WHAT THE TASK ASKS: Set down the data below without change, skipping the pictures it holds.

PROVIDED MATERIAL:
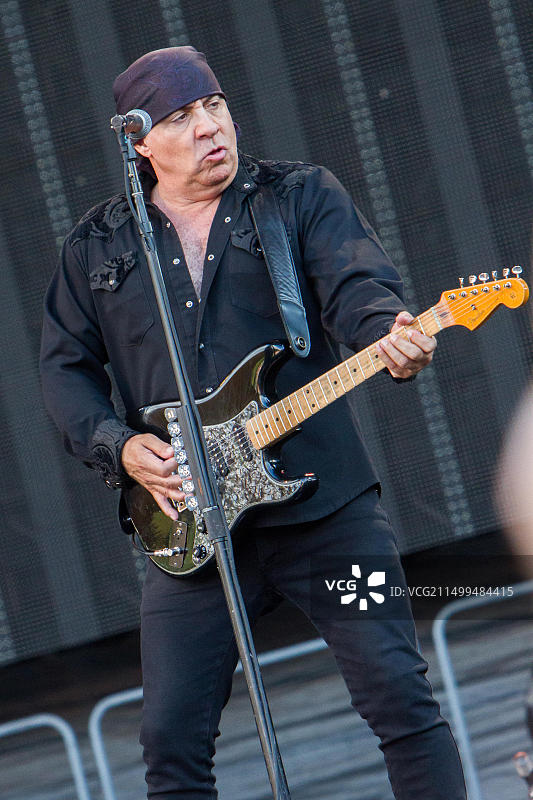 2012年7月9日，布鲁斯·斯普林斯汀在Letzigrund体育场的“Wrencking Ball巡回演唱会”上现场表演图片素材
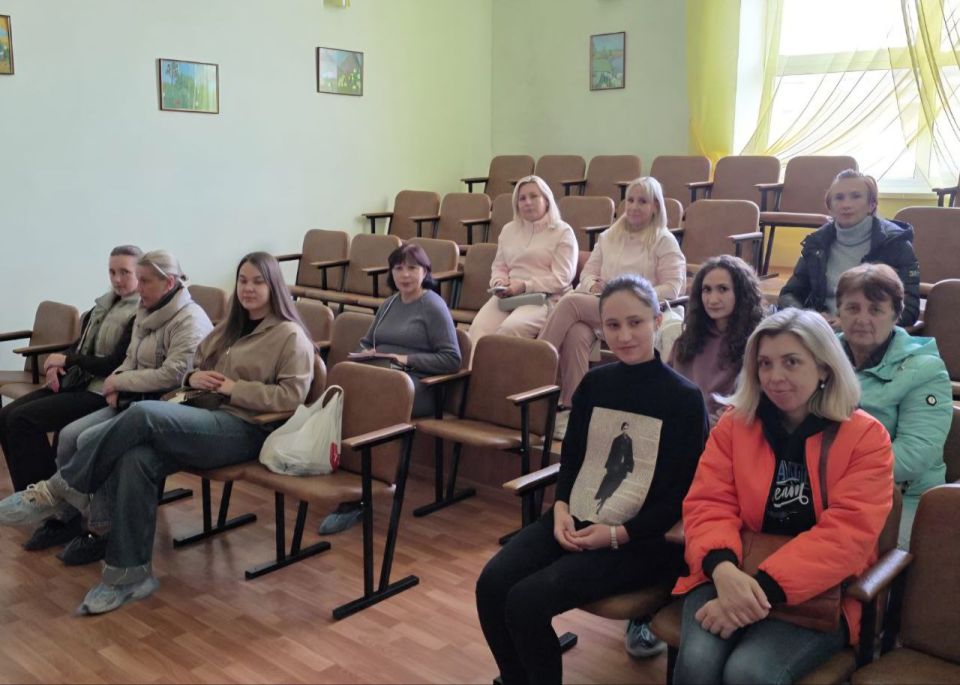 Иван Адамец: В Куйбышевском районе продолжаются встречи с жителями по поручению Главы ДНР Дениса Пушилина для решения местных проблем Иван Адамец: В Куйбышевском районе продолжаются встречи с жителями по поручению Главы ДНР Дениса Пушилина для решения местных проблем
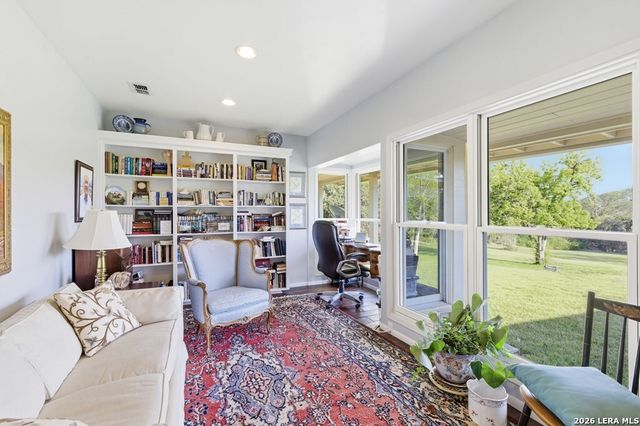 125 MAUK RD, Ingram, TX 78025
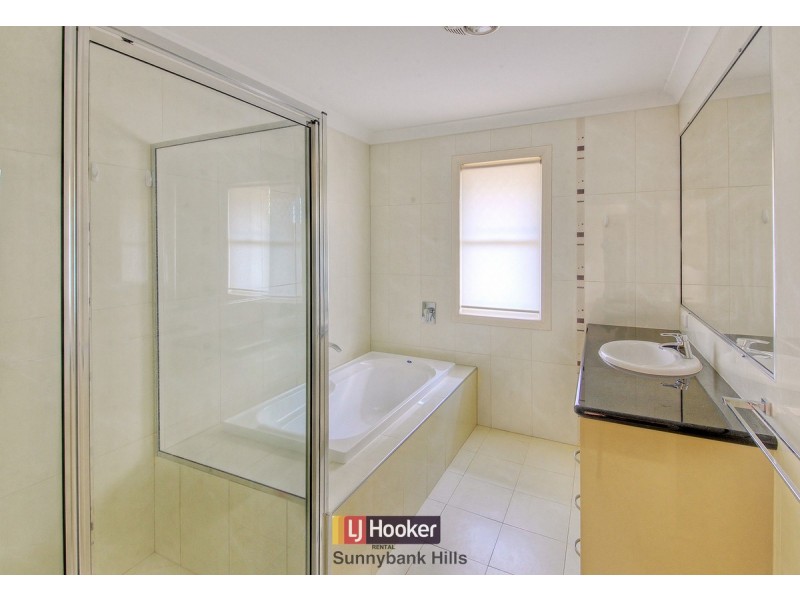 11 Silverbirch Close, Eight Mile Plains QLD 4113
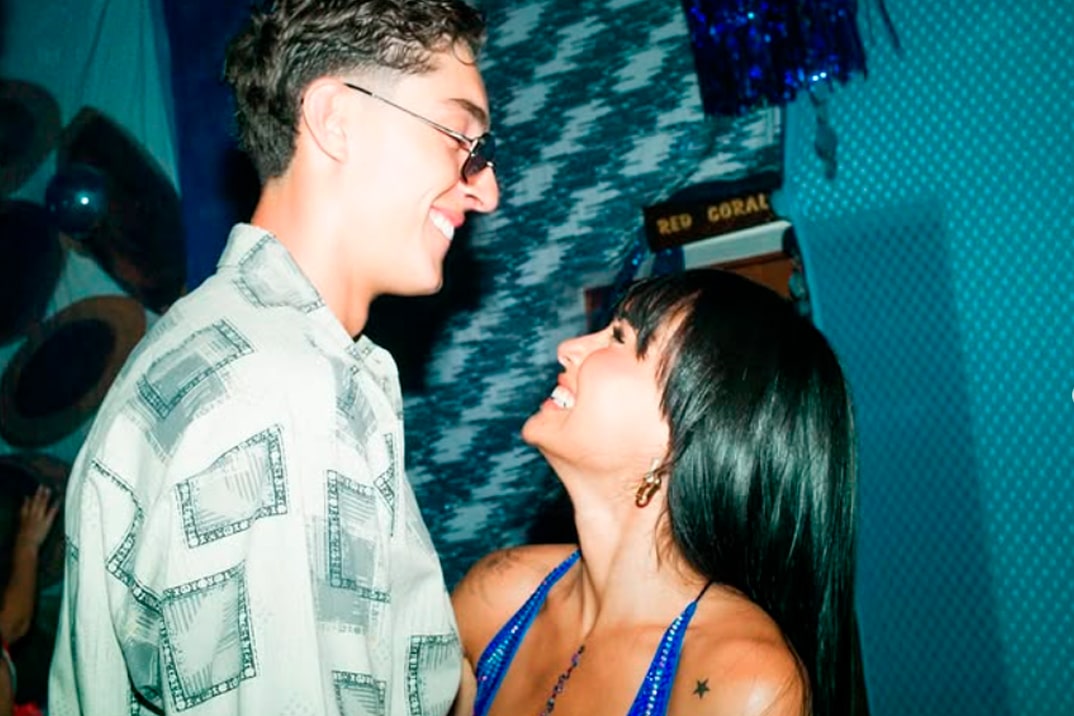 Amor bajo el sol: Aitana y Plex hacen oficial su relación en su escapada a Ibiza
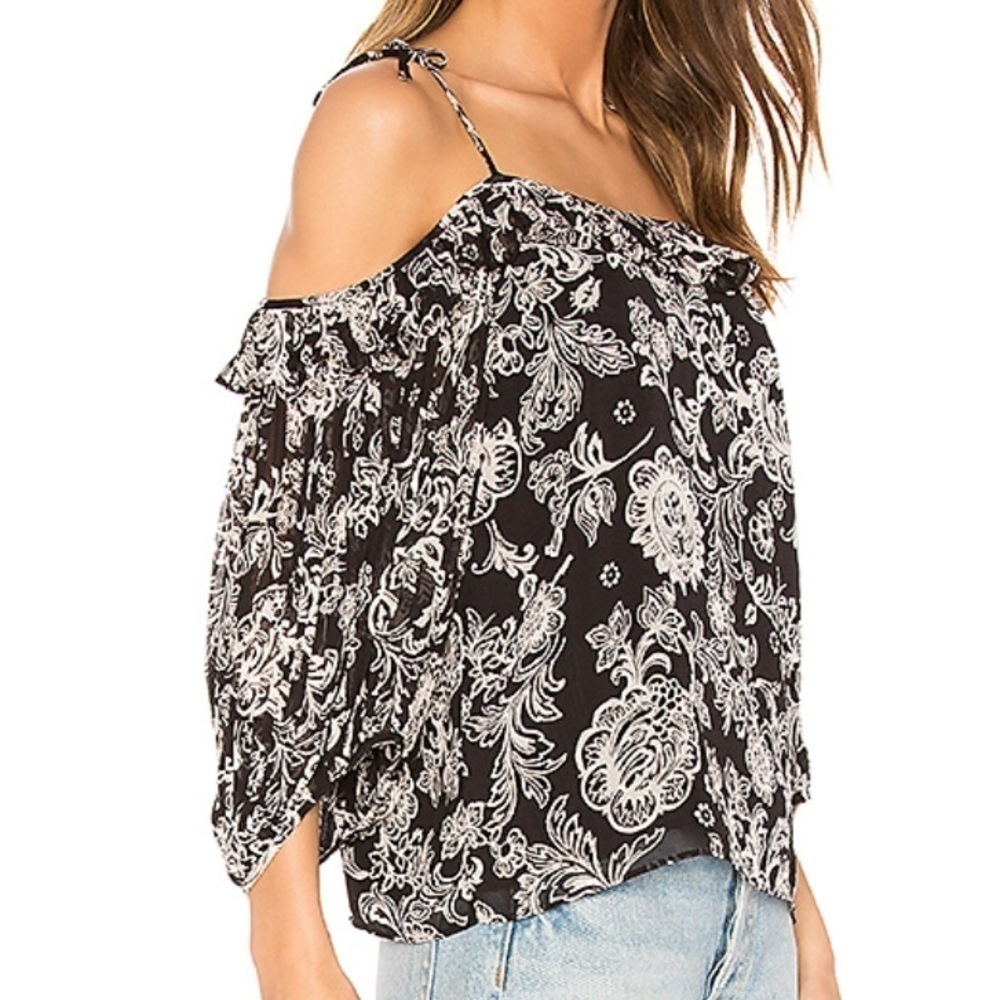 𝅺ELLA Moss Cold Shoulder Top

RESPONSE TO THIS TASK:
 2012年7月9日，布鲁斯·斯普林斯汀在Letzigrund体育场的“Wrencking Ball巡回演唱会”上现场表演图片素材
 Иван Адамец: В Куйбышевском районе продолжаются встречи с жителями по поручению Главы ДНР Дениса Пушилина для решения местных проблем Иван Адамец: В Куйбышевском районе продолжаются встречи с жителями по поручению Главы ДНР Дениса Пушилина для решения местных проблем
 125 MAUK RD, Ingram, TX 78025
 11 Silverbirch Close, Eight Mile Plains QLD 4113
 Amor bajo el sol: Aitana y Plex hacen oficial su relación en su escapada a Ibiza
 𝅺ELLA Moss Cold Shoulder Top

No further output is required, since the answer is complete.